Espartaco

“Is that to say we are against Free Trade? No, we are for Free Trade, because by Free Trade all economical laws, with their most astounding contradictions, will act upon a larger scale, upon the territory of the whole earth; and because from the uniting of all these contradictions in a single group, where they will stand face to face, will result the struggle which will itself eventuate in the emancipation of the proletariat.”

Karl Heinrich Marx · Marx-Engels Collected Works, Vol. VI, p. 290

EnglishEspañol

Tag: Jean-Baptiste Say

  • THE INFLUENCE OF JAMES MILL ON MODERN ECONOMIC SCIENCE

    THE INFLUENCE OF JAMES MILL ON MODERN ECONOMIC SCIENCE

    The Forgotten Father — James Mill and the Foundations of Modern Economics
    History of Economic Thought

    The Forgotten Father

    How James Mill quietly built the foundations of modern economics — and why nobody remembers

    Based on the research of José Mauricio Gómez Julián · Read the original article

    Picture the pantheon of classical economics. Adam Smith sits at the centre, David Ricardo stands nearby, Jean-Baptiste Say holds a modest plaque. Somewhere in the back, if he appears at all, you will find James Mill (1773–1836) — Scottish philosopher, historian, journalist, and the man the economist José Mauricio Gómez Julián argues we have been unjustly forgetting for nearly two centuries. In a concise but provocative article published in Economía & Región, Gómez Julián builds a meticulous case: Mill was not merely Ricardo’s friend and editor. He was, in several crucial respects, the intellectual architect behind ideas we now attribute to others — and the quiet originator of concepts that still animate central bank boardrooms today.

    What follows is a guided walk through that argument. No equations, no jargon — just the story of a mind that anticipated, with striking clarity, debates we are still having in the twenty-first century.

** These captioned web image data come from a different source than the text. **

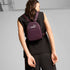 Core Up Mini-Me Backpack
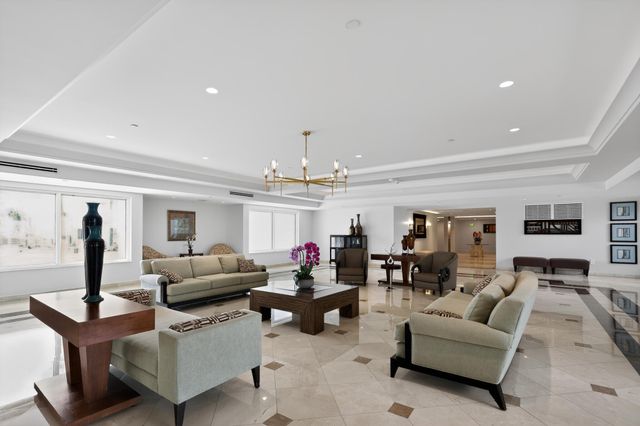 3400 Galt Ocean Drive 409s, Fort Lauderdale, FL 33308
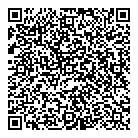 QR код "Дефенс"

    I. The Law That Was Never Say’s

    If you have taken even a single semester of macroeconomics, you have encountered Say’s Law — the proposition that “supply creates its own demand.” It is one of the most cited principles in the history of the discipline, and it is routinely attributed to the French economist Jean-Baptiste Say.

    Gómez Julián’s article asks a simple, uncomfortable question: did Say actually come up with it first?

    The evidence points elsewhere. In 1807, an English writer named William Spencer published an argument containing the essential logic: that the annual produce of a country “always creates a market to itself,” and that when commodities seem to exceed demand, the real problem is merely a misallocation of productive effort among sectors, not a general glut. James Mill seized on this reasoning in his 1808 work Commerce Defended, presenting it with considerably more force and theoretical precision.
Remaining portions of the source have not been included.